Shlomo Dovrat, a businessman and head of the commission that recommended sweeping reforms to the country's education system, told Ynet Thursday the country's teachers are "blowing a historic opportunity" to reform the country's education system by opposing the reforms he helped author.
"I understand (their) objection to the coercive nature of the recommendations, but must they set the current situation in stone? Are there really teachers who wouldn't welcome a 30 percent raise? The teachers must think of the long-term. In the current atmosphere the aggressiveness of the teachers will make it very hard to carry out the reforms," he said.
Dovrat also said the government is ready and willing to invest money to fix a system most people believe is broken.
Sad day
"It's a sad day," said Dovrat, referring to reports that 2500 teachers have been fired. "Firing teachers is tough for everyone. But responsibility for those dismissals lies with one party only - the teachers' union."
Asked whether, in light of the teachers' fight, he would have changed the commission he headed, Dovrat says including teachers' unions would have prevented the committee from functioning.

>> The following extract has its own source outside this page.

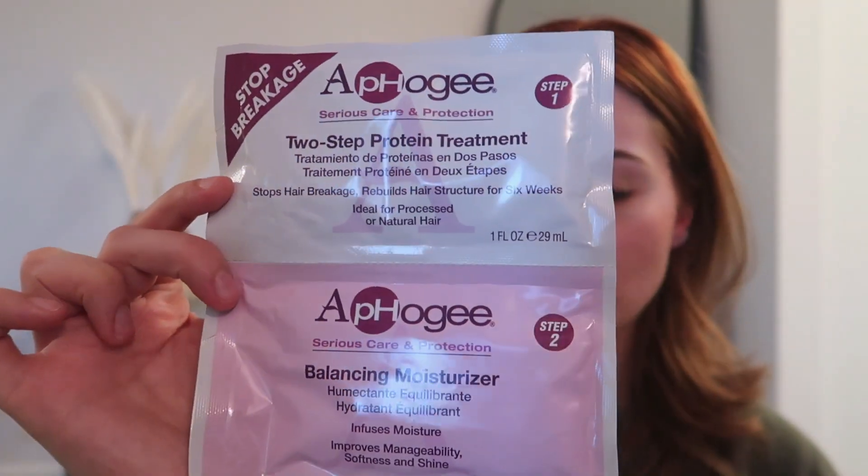My hair gets super tangled super fast, the ends are unbearable especially when I'm drying my hair. My hair is not fried, so please stop saying that — it just needs a little love and some support and probably not to be touched for a very long time. I'm going to be trying the Afoji two-step protein treatment. You can get this at Sally's, Amazon, or Target.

"We also left out the education and finance ministries," he said, referring to one of the main charges opponents have to the reforms.
Dovrat also said he believes the teachers will come around, and that the union will itself eventually become part of the reforms.
"Even they know there is no choice but our reforms," he said. "All their campaigns and fights over the years have brought no results. They are at the bottom of the salary scale and their standing is low.
"They must think of the children and of education."